§ **WORK INSTRUCTIONS**
Look in the listing below for the line that has "Zen CP Plus is", then return it and each following line up to and including the one with "That's when I", exactly and without pictures.

§ **THE DATA**
┌──
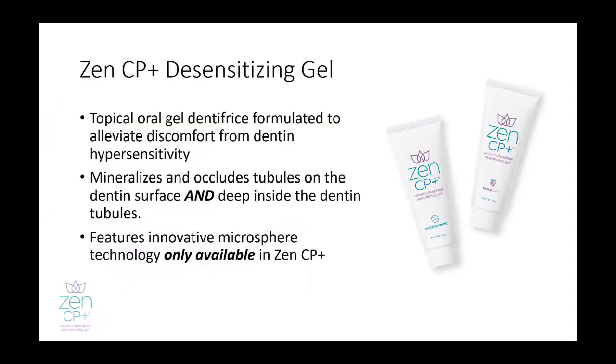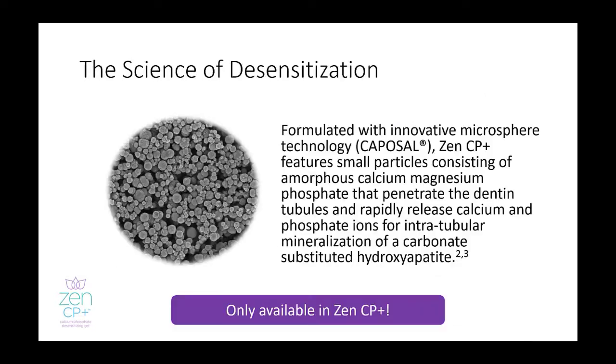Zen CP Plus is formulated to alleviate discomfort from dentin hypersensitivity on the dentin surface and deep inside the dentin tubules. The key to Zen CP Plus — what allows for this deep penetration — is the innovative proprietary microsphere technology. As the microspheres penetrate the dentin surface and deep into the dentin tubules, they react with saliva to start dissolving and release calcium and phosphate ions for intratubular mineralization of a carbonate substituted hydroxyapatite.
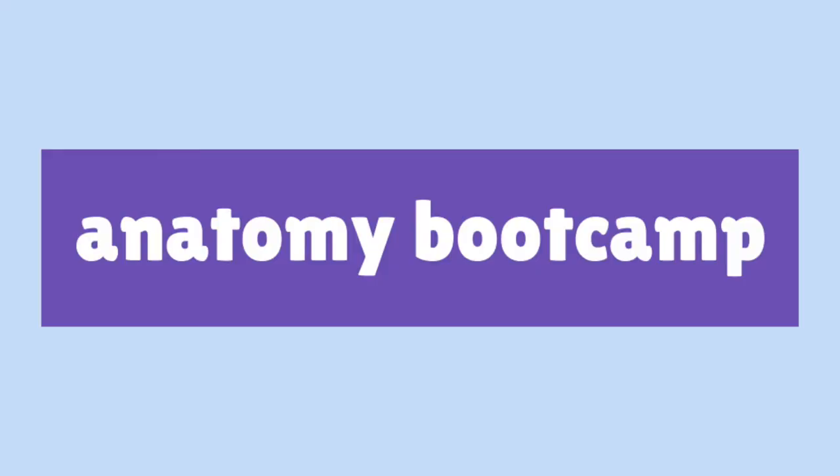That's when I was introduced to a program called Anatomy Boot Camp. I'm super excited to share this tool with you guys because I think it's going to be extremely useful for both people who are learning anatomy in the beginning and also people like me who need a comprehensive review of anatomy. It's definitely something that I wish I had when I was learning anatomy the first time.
└──
┌──
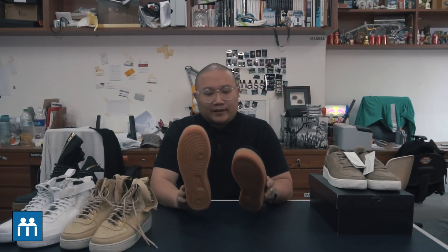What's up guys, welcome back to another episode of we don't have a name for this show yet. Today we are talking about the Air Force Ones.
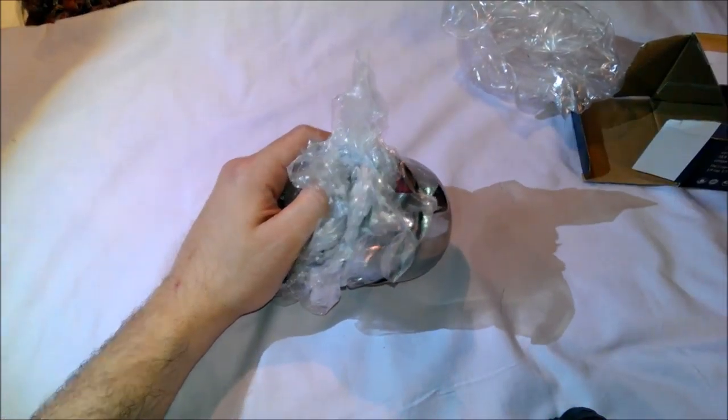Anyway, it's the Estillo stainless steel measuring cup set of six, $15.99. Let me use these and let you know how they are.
└──
§ **ANSWER TO THIS EXERCISE**
Zen CP Plus is formulated to alleviate discomfort from dentin hypersensitivity on the dentin surface and deep inside the dentin tubules. The key to Zen CP Plus — what allows for this deep penetration — is the innovative proprietary microsphere technology. As the microspheres penetrate the dentin surface and deep into the dentin tubules, they react with saliva to start dissolving and release calcium and phosphate ions for intratubular mineralization of a carbonate substituted hydroxyapatite.
That's when I was introduced to a program called Anatomy Boot Camp. I'm super excited to share this tool with you guys because I think it's going to be extremely useful for both people who are learning anatomy in the beginning and also people like me who need a comprehensive review of anatomy. It's definitely something that I wish I had when I was learning anatomy the first time.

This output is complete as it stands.